The problem with banking is ...

That as a business it is not the kind of business that can run on 10 or 12% capitalization. The risk profile of banking as a business is not any lower than that of a company making widgets or a transportation company and arguably it is actually higher than most. And yet, banks are run on a tiny sliver of capital only (and whether it is 8% or 12% does not fundamentally make all that much difference).

In just about any other business, if 10% of your customers walk away - don't buy your widgets, or subscribe to your service or eat at your place, the business may become less profitable or not profitable at all for a while but it would not mean the end of it. In banking, if 10% of your customers (depositors) walk away, you are insolvent and practically out of business.

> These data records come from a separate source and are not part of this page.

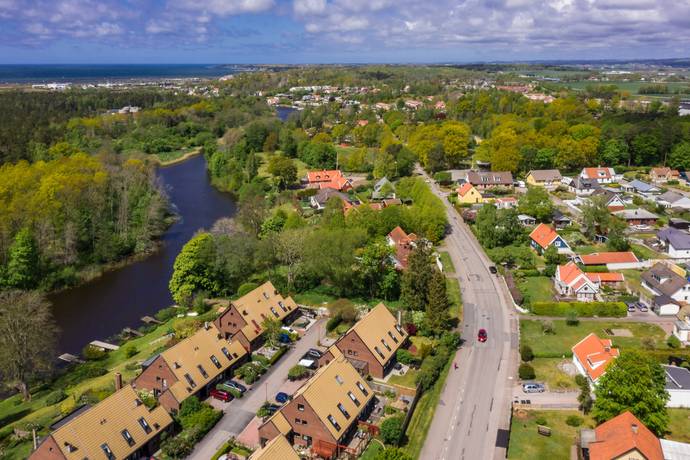 4 rum Villa på Danielslundsgatan 58 Haradal Ängelholms kommun - bild 49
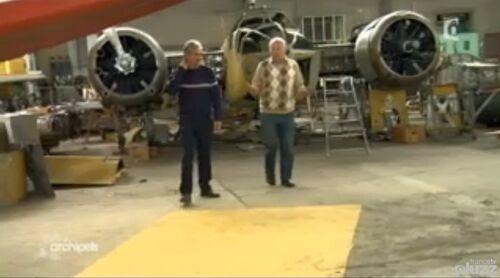 RGEN Bristol Blenheim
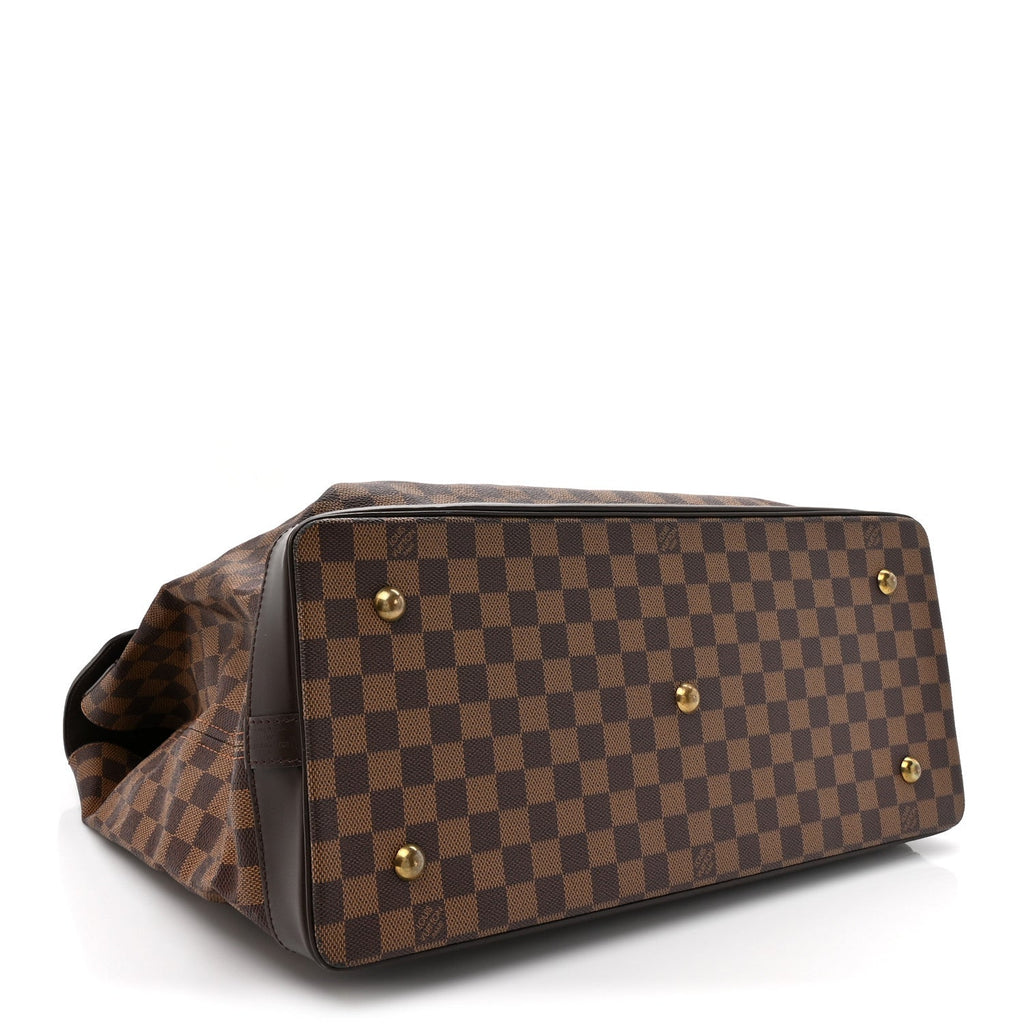 Louis Vuitton Damier Ebene West End PM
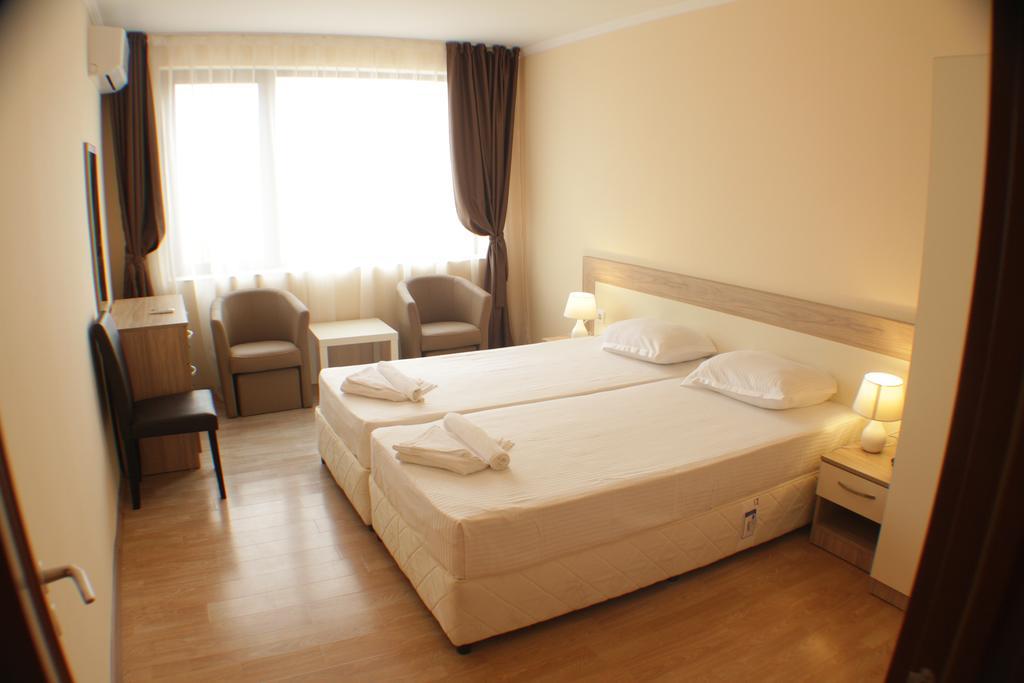 Aria Complex Aparthotel สวิติ วลัส ภายนอก รูปภาพ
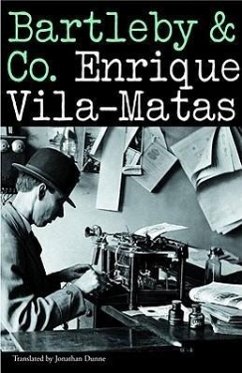 Bartleby & Co. - Vila-Matas, Enrique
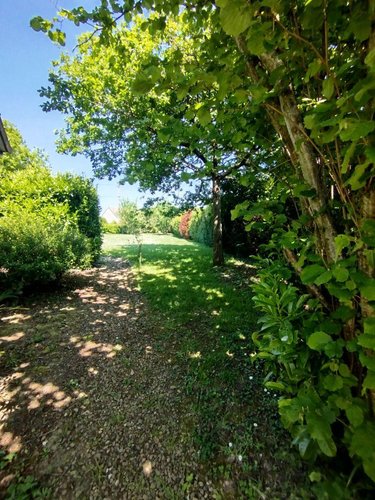 Maison a vendre Rouillon 72700 Sarthe 201 m2 10 pièces 288500 euros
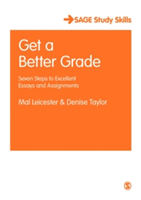 Get a Better Grade | Mal Leicester, Denise Taylor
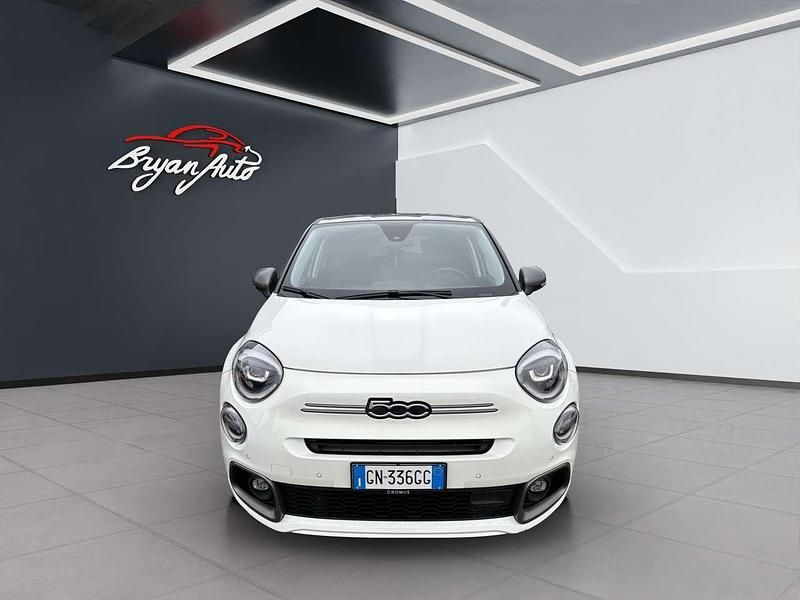 Usata Fiat 500X Sport 120 CV (88 kW) 2023 Other SUV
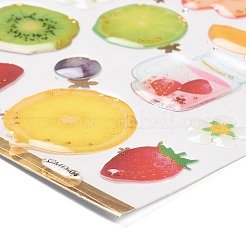 Epoxidharz-Aufkleber&nbsp;DIY-A017-05D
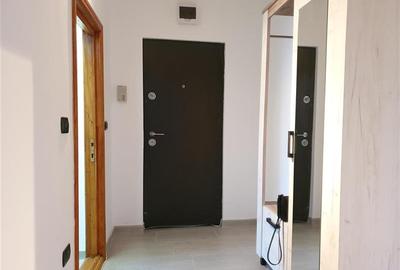 Apartament 2 camere et 4, Bdul Bucuresti, mobilat si utilat - 3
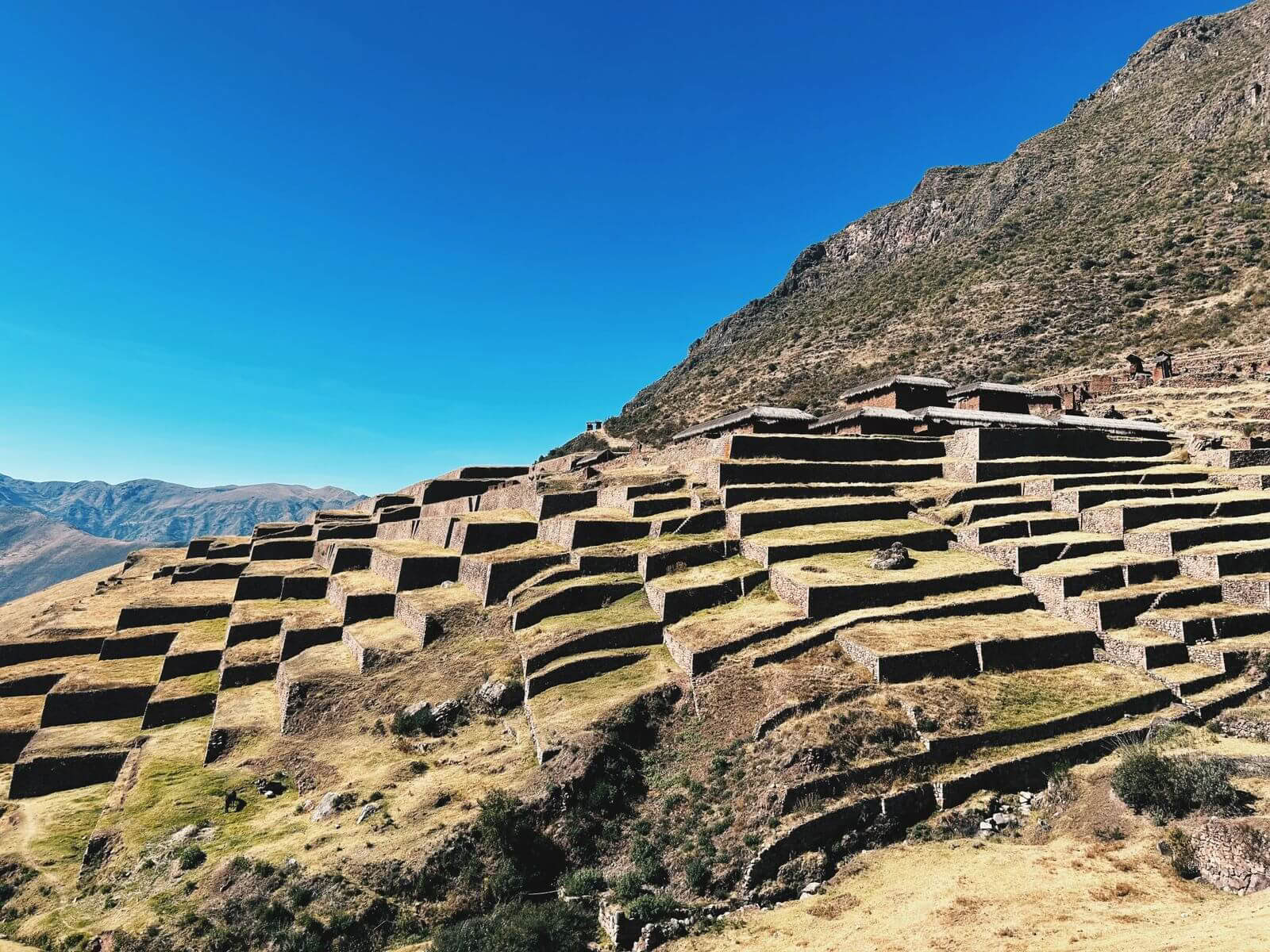Spiritual Pallay Punchu Rainbow Mountain (Full Day)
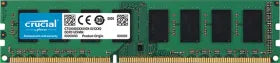 Crucial CT102464BD160B 8 GB DDR3-1600 Desktop RAM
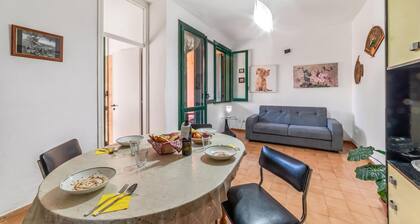 Villetta Tamari 300 meters from the sea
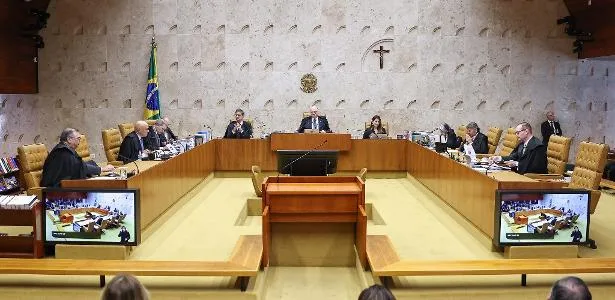 Nunes Marques se declara impedido de votar sobre investigação contra Moraes
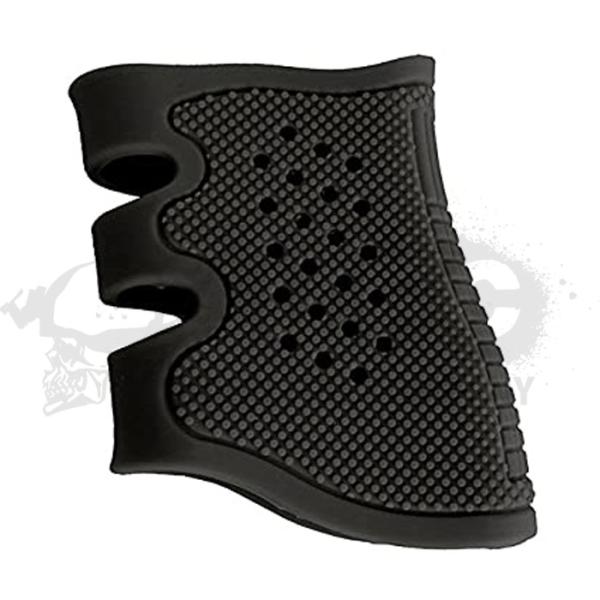 Pachmayrタイフ゜ タクティカルク゛リッフ゜ G17用 BK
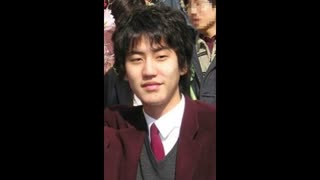 قبل از عمل و بعد از عمل اعضای گروه سوپر جونیور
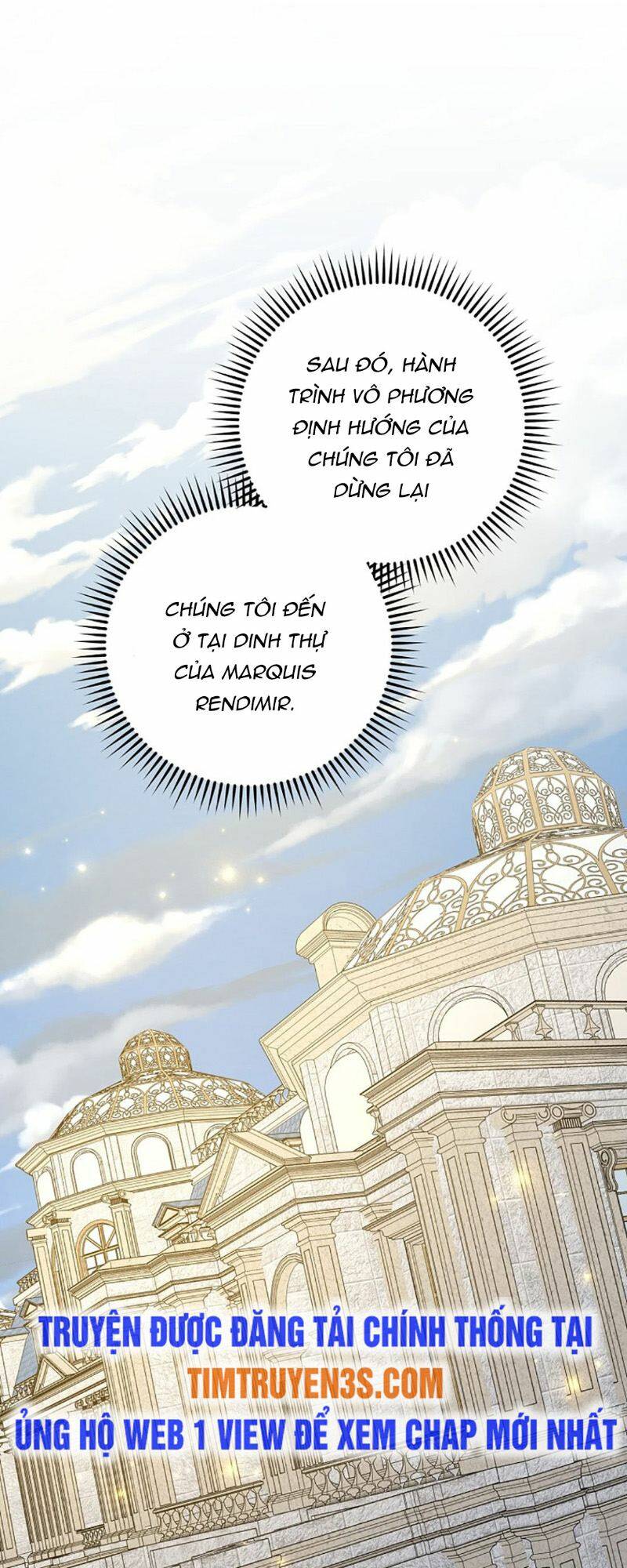 Nhà Hiền Triết Yigret - Chapter 67 - Page 37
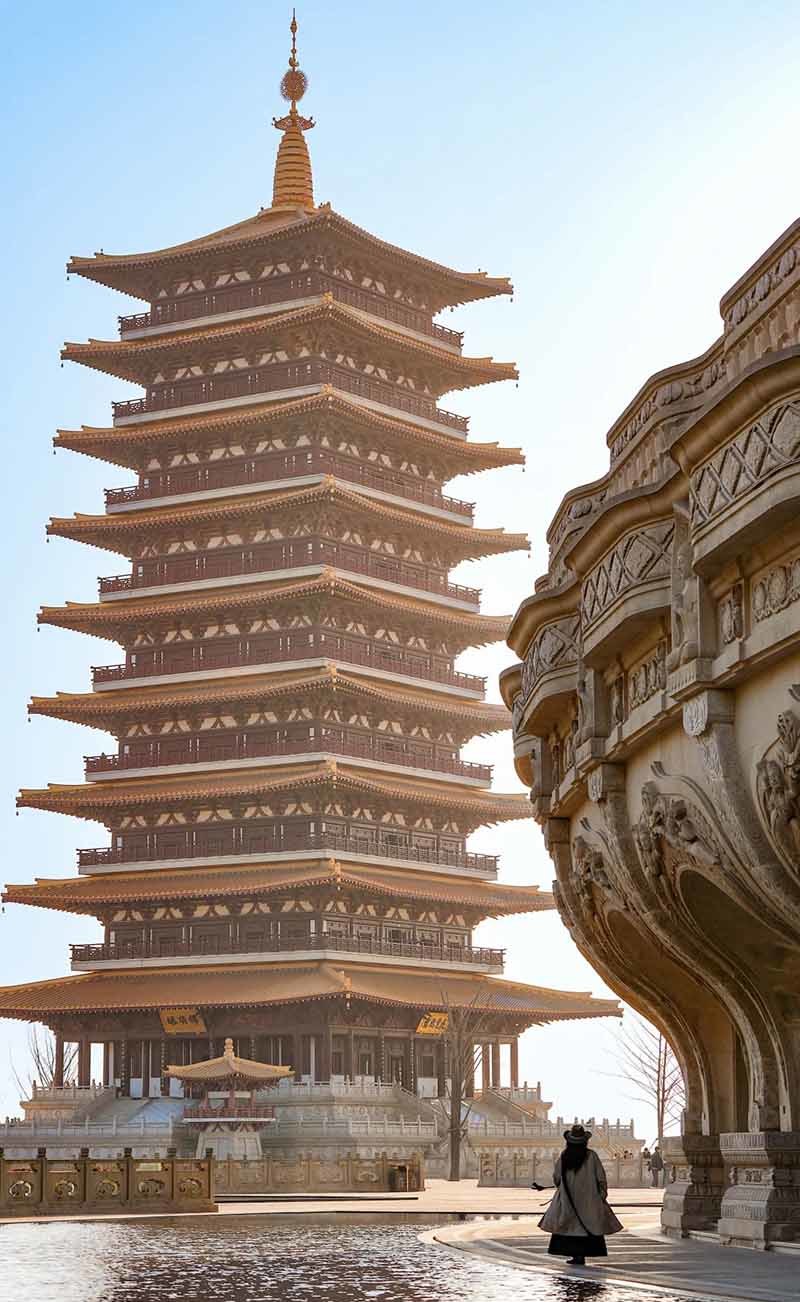 牛首山
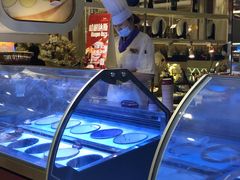 -芭菲盛宴·环球美食(袁家岗店)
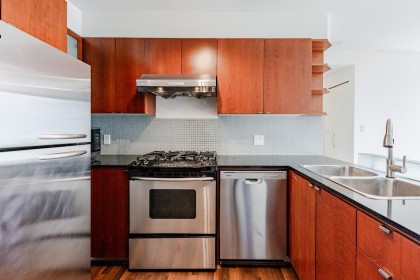 Photo 10 at 906 - 822 Seymour Street, Downtown VW, Vancouver West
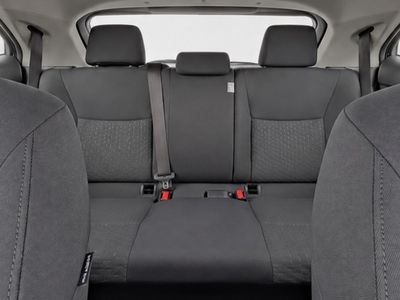 2026 Toyota Yaris Cross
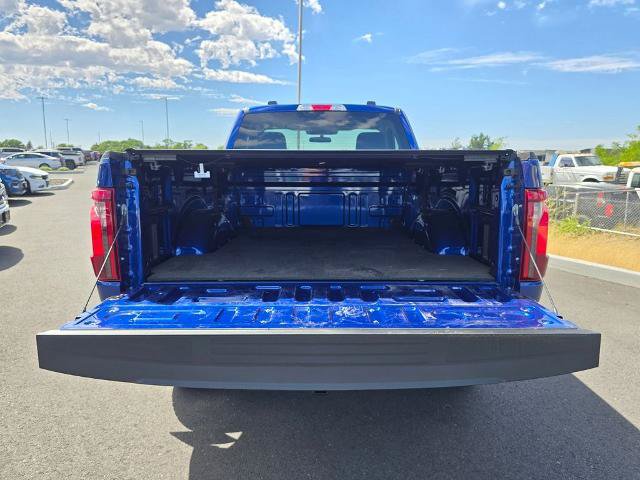 Certified 2026 Ford F150 XL AWD/4WD image 31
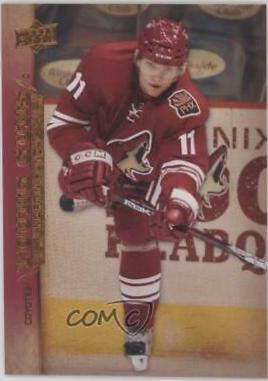 Martin Hanzal #489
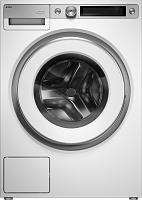   Asko W7124XXLW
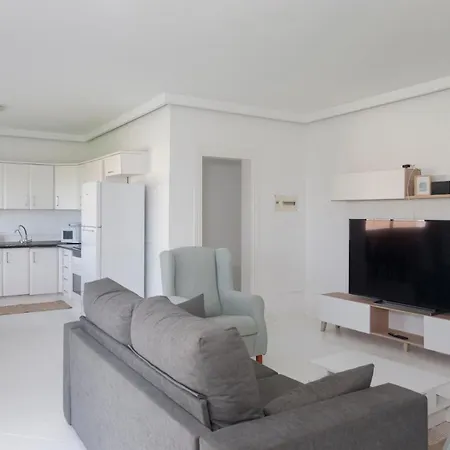 Prázdninový dům Marpacos *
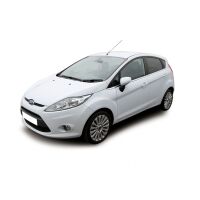 Kit Led Ford Fiesta - 2008 in poi - FULL - Bianco Lunare 6000k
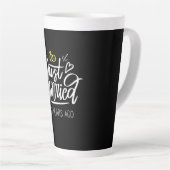 Hochzeitsgeschenke | 20. Hochzeitstag Milchtasse (Rechte Ecke)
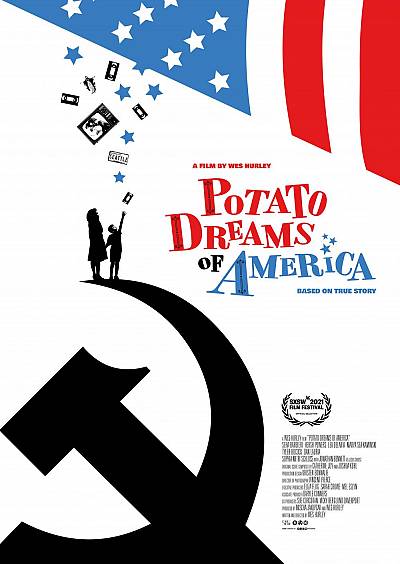 Potato Dreams of America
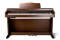 M-audio Dcp300 88-key Digital Home Piano With Bench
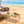 Folding Camping Table Picnic Table with Storage Bag and Waterproof Desktop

I have no idea what the "right" level of capitalization is for a business that has the risk profile of banking - maybe it's 35% or maybe it's 45%. I am sure it is not 12%. Not that there is much that can be done about it because the amount of economic pain that would follow a de-leveraging of  banking systems of the world to a level of, say, 40% is so huge that it would never happen.

There is an implicit "bargain" then that we all accept which is that occasionally the system will get wobbly and we the taxpayers will have to step in to backstop some part of it. This is simply the price to pay for the systemic excessive leverage and the only question is whether explicitly acknowledging this would help or not.

An analogy would be a car engine that by its design and materials specs could run for thousands of hours at 8,000 rpm without breakdowns but we decide to rev it up to 13,000 to go faster. We know full well that at that speed it will ocasionally break down and we will have to stop to repair it but the overall distance traveled at that higher speed with an occasional breakdown is farther than the distance that could be covered at lower speed with no stopping for occasional repairs.

We implicitly accept that trade off.


soldoiv said…
Couldn't agree more...
Anonymous said…
Turns out a similar argument was made from a different direction by Gary Gorton "Misunderstanding Financial Crises".

His argument is that bank failures are not about capital but liquidity and that systemic crises are about "obtaining cash".

To me that means that the banking system as it is currently structured is set up for a 2 Standard Deviations world which is what the world is on average. When it blips to 4 Standard Deviations then collective institutions need to step in and give the system time for the world to rever to the mean and that means supplying cash and a lot more cash than raising capital from 6% to 9% which really does not change much.